In most high performance electronically controlled phase array radars, it is sometimes essential that the radar beam be updated frequently causing the elemental digital phase command word computations to be performed at relatively high speeds. Consequently, each squaring operation shown in FIG. 2 at 52 and 53 is presently implemented by either a high speed multiplier comprising a known interconnection of medium scale integrated (MSI) logic circuits or a large number of high speed desirably programed integrated memory circuits. In one known radar system which has been sized for the purposes of computational accuracy to use 12 bit digital words at 48 and 50, the digital multipliers at 52 and 53 each comprise approximately 25 MSI circuits to compute a 24 bit word at both 55 and 56. An additional 6 MSI conventional adder circuits are embodied at 58 to add the squared digital words at 55 and 56 to form the beam spreading phase command word at 60 of which only eight bits are generally used. In this same known radar systems, if conventional 512.times.4 programmed read-only-memories of the high speed variety were used to implement the multiplier, it is estimated that it would require approximately 70 MSI circuit chips to provide for the same 8 bit digital word at 60. These types of hardware implementations represent space, cost, and reliability limitations to the specification and operation of the radar system.
One proposed alternative for minimizing the computational hardware of the beam spreading computational section, exemplarily illustrated in FIG. 2, is to reduce the number of bits of the digital words at 48 and 50 by rounding off of the digital words 40 and 42 to a more significant bit level, like 8 bits, for example, However, if this is attempted with the present round off apparatus, described in connection with the embodiment of FIG. 2, the smoothing or averaging effect of the round off operation is not expected to be adequate, in all cases, to reduce the mean error in the beam pointing command words, contributed by the round off operation, to within specification limits.

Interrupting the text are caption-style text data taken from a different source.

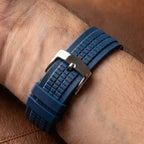 Lumen 42mm Azul - detalhe da pulseira e fivela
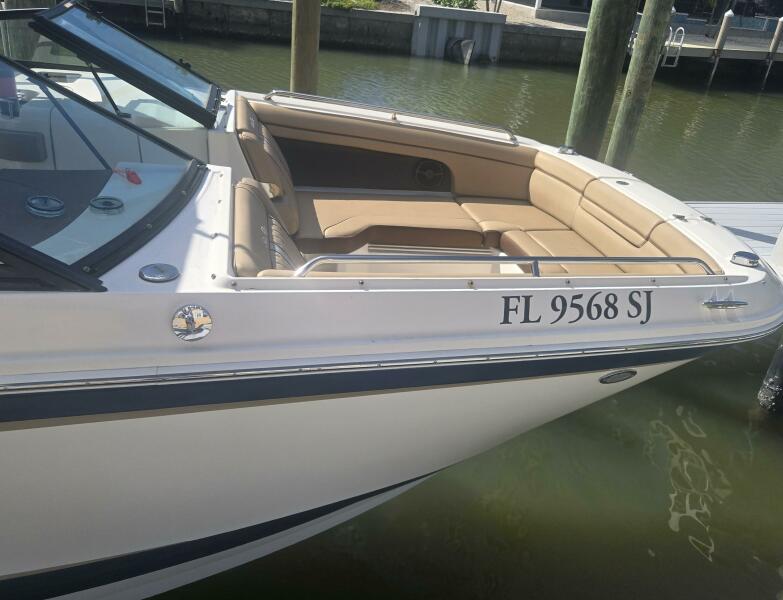 27' 2016 Sea Ray 270 Sundeck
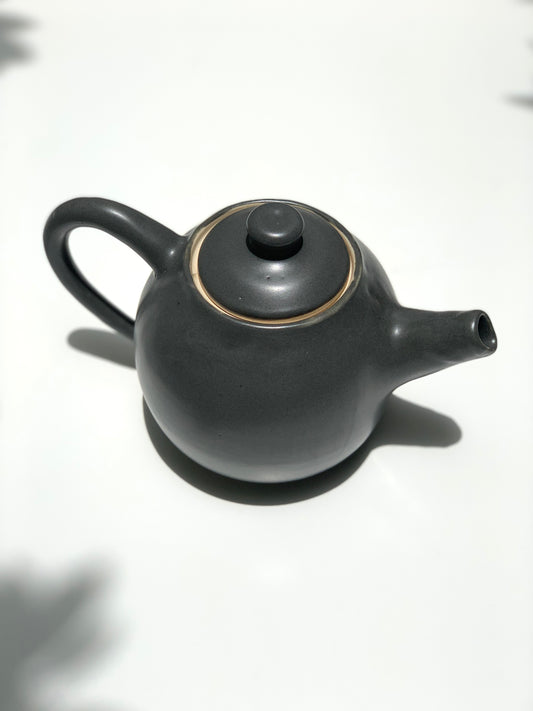 Tea pot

Apparently, errors contributed by the round off operations at 44 and 46 in FIG. 2 have a tendency to peak when the distribution levels of the input digital words 40 and 42 are principally periodically related to integer numbers of half-quanta. As a result, the smearing or smoothing effects of the present round off operation, proposedly do not alleviate the problem of round of error peaking given the one-sided distribution levels of the input digital words. It appears that if the accuracy of the computations could be preserved under all conditions, especially that of round off induced error peaking just described, then the number of bits may be reasonably reduced ultimately leading to a minimization of computational hardware.